Middlesex County Sheriff
- In office 1970–1980
- Preceded by: Howard W. Fitzpatrick
- Succeeded by: Edward Henneberry

Personal details
- Born: August 12, 1929
- Died: March 20, 1994 (aged 64)
- Party: Democratic (before 1964) Republican (1964–1994)

= John J. Buckley (sheriff) =

American politician

John J. Buckley III (August 12, 1929 - March 20, 1994) was an American politician who served as Sheriff of Middlesex County Massachusetts from 1970 to 1980.

==Early life==
Buckley graduated from Malden High School and went on to earn a business degree at Boston College. He left the business world to attend Saint John's Seminary, which he left after two years when he changed his mind about becoming a priest. Buckley then worked as a publishers representative until he entered politics.

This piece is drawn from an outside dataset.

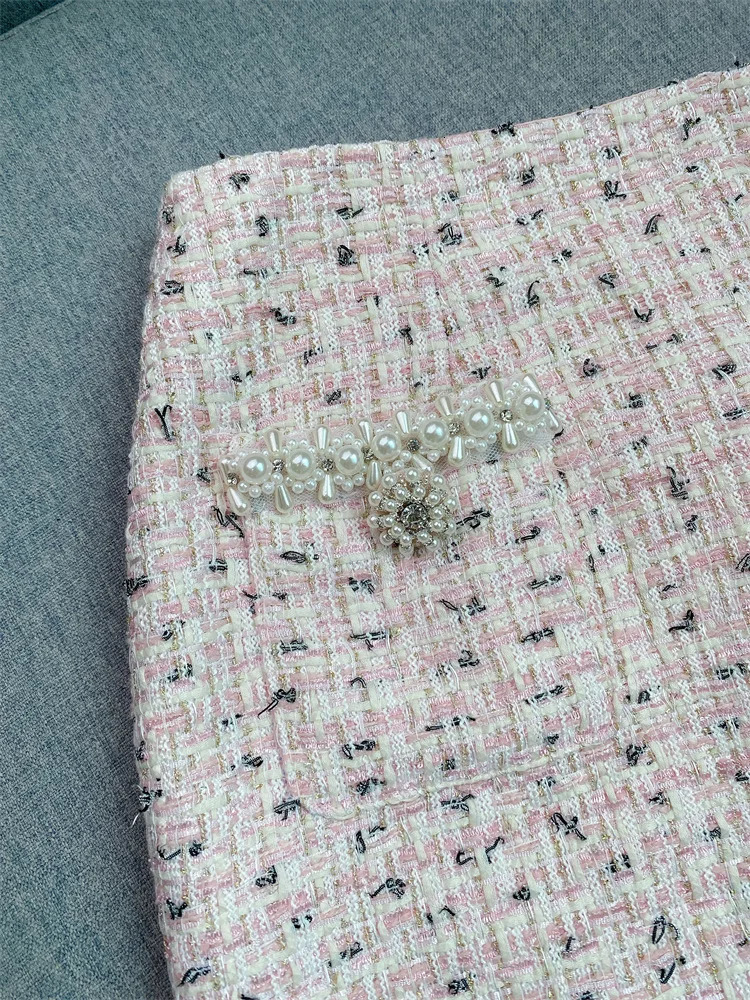 SS Fashion Tweed Women Two Pieces Sets Short Coat Midi Skirt With Beedings 251106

==Early political career==
In 1964, Buckley switched from the Democratic Party to the Republican Party when he joined Elliot Richardson's campaign for Lieutenant Governor of Massachusetts. In 1966, Buckley was the Republican nominee for Massachusetts State Auditor. He lost to incumbent Democrat Thaddeus M. Buczko 57% to 42%.

==Sheriff==
Buckley was appointed sheriff on April 10, 1970, by governor Francis W. Sargent following the death of Howard W. Fitzpatrick. He defeated John F. Dever, Jr. in a special election to complete Fitzpatrick's term. He was elected to a full term in 1974, defeating Walter J. Sullivan 51% to 49%.

During his tenure, Buckley gained national attention for his stands against the death penalty, support for vocational training and rehabilitation programs for inmates, support for gun control laws, and the elimination of violence on prime-time television. A liberal Republican, Buckley was known for his progressive approach to corrections. During his first year in office, Buckley posed as an inmate for two days in an out-of-state prison, eliminated censorship of inmate mail, allowed inmates to use the sheriff's house on the grounds of the Middlesex House of Correction for conjugal visits, and sued his own office to eliminate the law that allowed juveniles to be jailed with adult criminals. He also took a stance against county government, which he called "a patronage ridden system" and "an anachronism".

==1978 elections==
On February 6, 1978, Buckley announced his candidacy for Governor of Massachusetts. At the Republican Convention, Buckley finished third on the first ballot behind Edward F. King and Francis W. Hatch, Jr. 212 votes to King's 898 and Hatch's 874. Buckley then dropped out of the race and attempted to move his delegates to Hatch, however the nomination was won by the conservative King on the second ballot. Although he withdrew at the convention he still considered running in the primary. However, on May 17 Buckley officially exited the governor's race.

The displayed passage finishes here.